# [ABOUT THIS EXERCISE]
Your task is to restate the listing word for word without the pictures.

# [INFORMATION PROVIDED]

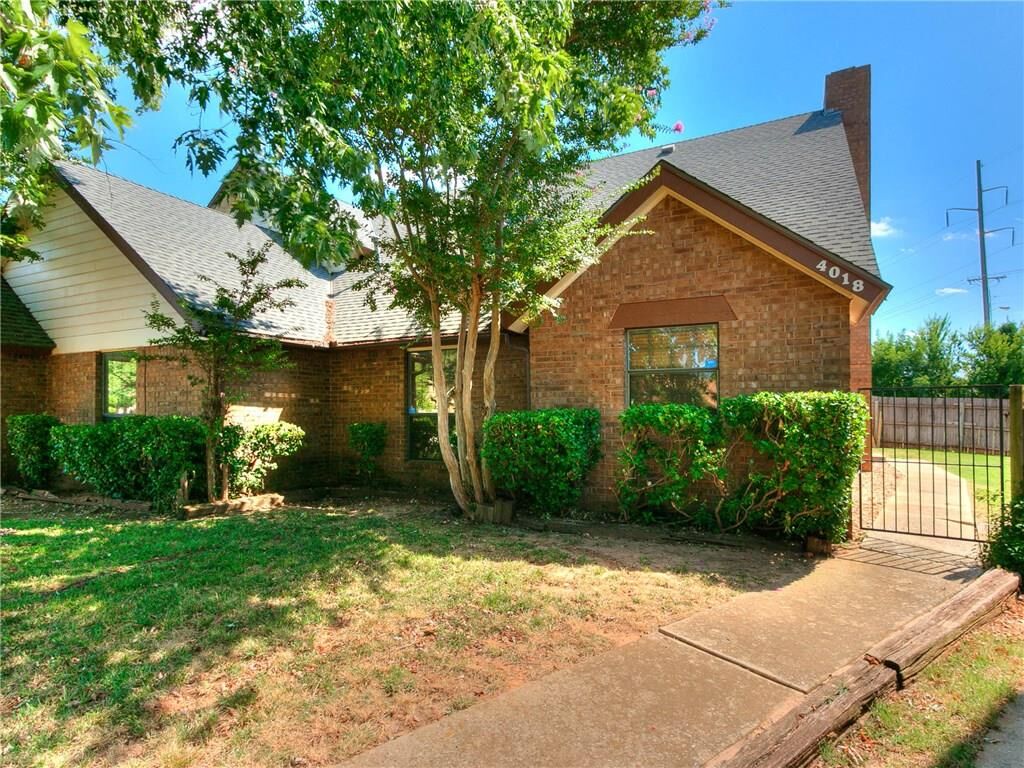 Property Photo:  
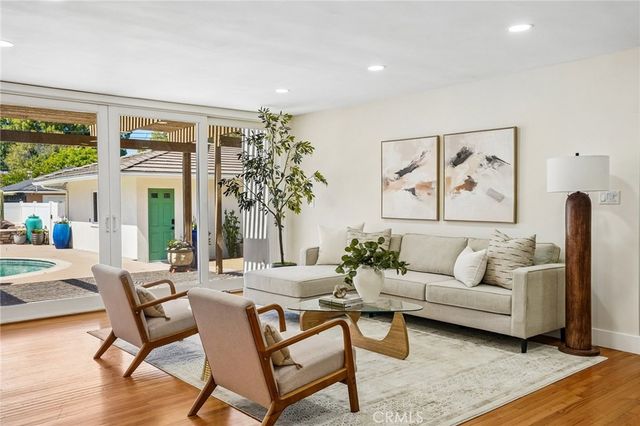 1041 E Burlinghall Drive, Long Beach, CA 90807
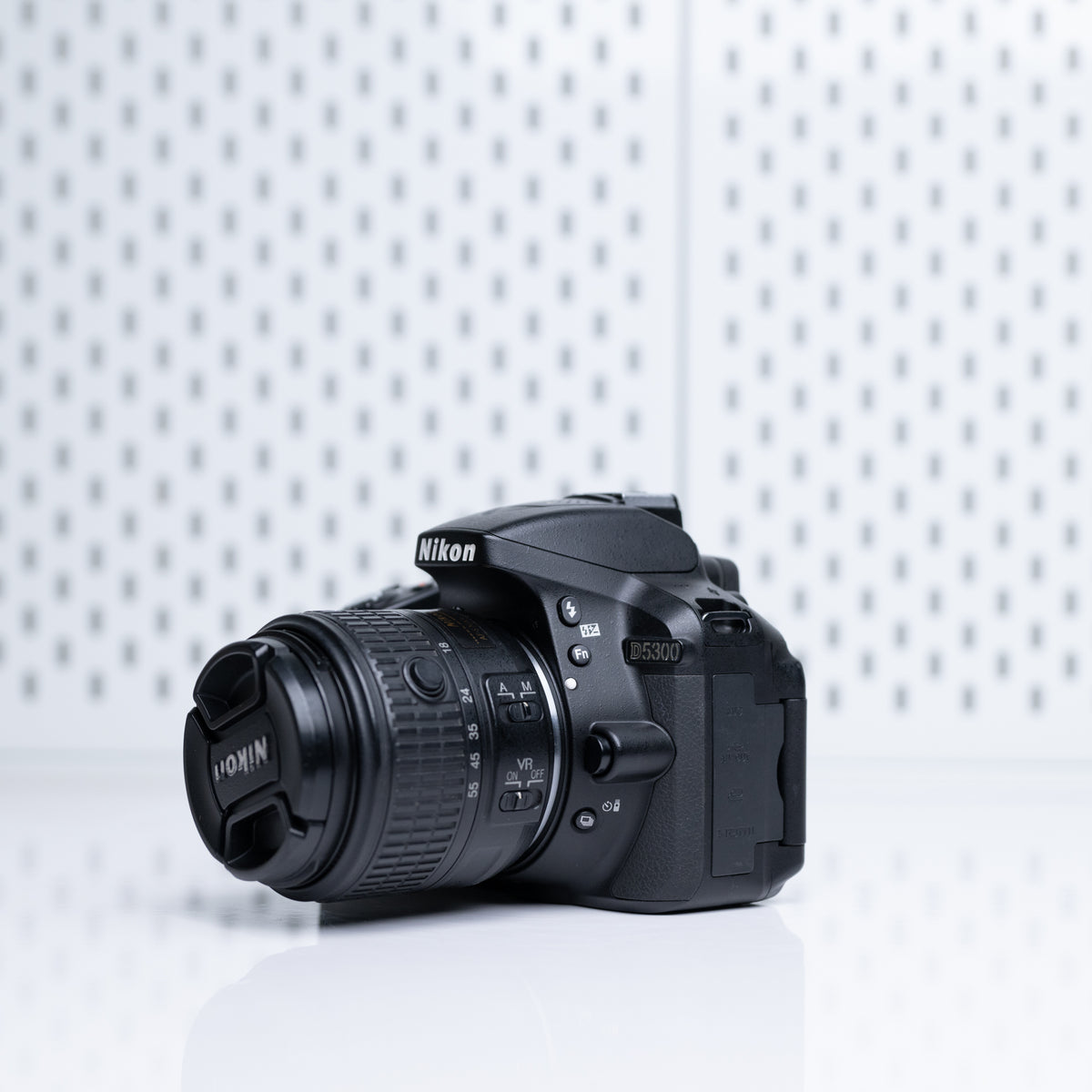 Nikon D5300 con lente 18-55mm (usada, impecable) – Calidad DSLR y pantalla abatible a un precio accesibl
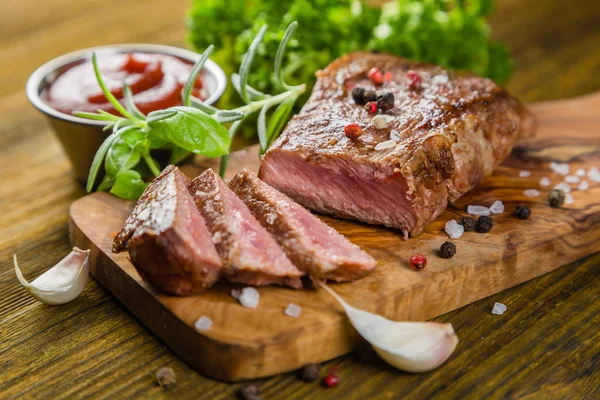 Hovězí steak s bylinkami a kořením — Stock fotografie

# [EXERCISE ANSWER]
 Property Photo:  
 1041 E Burlinghall Drive, Long Beach, CA 90807
 Nikon D5300 con lente 18-55mm (usada, impecable) – Calidad DSLR y pantalla abatible a un precio accesibl
 Hovězí steak s bylinkami a kořením — Stock fotografie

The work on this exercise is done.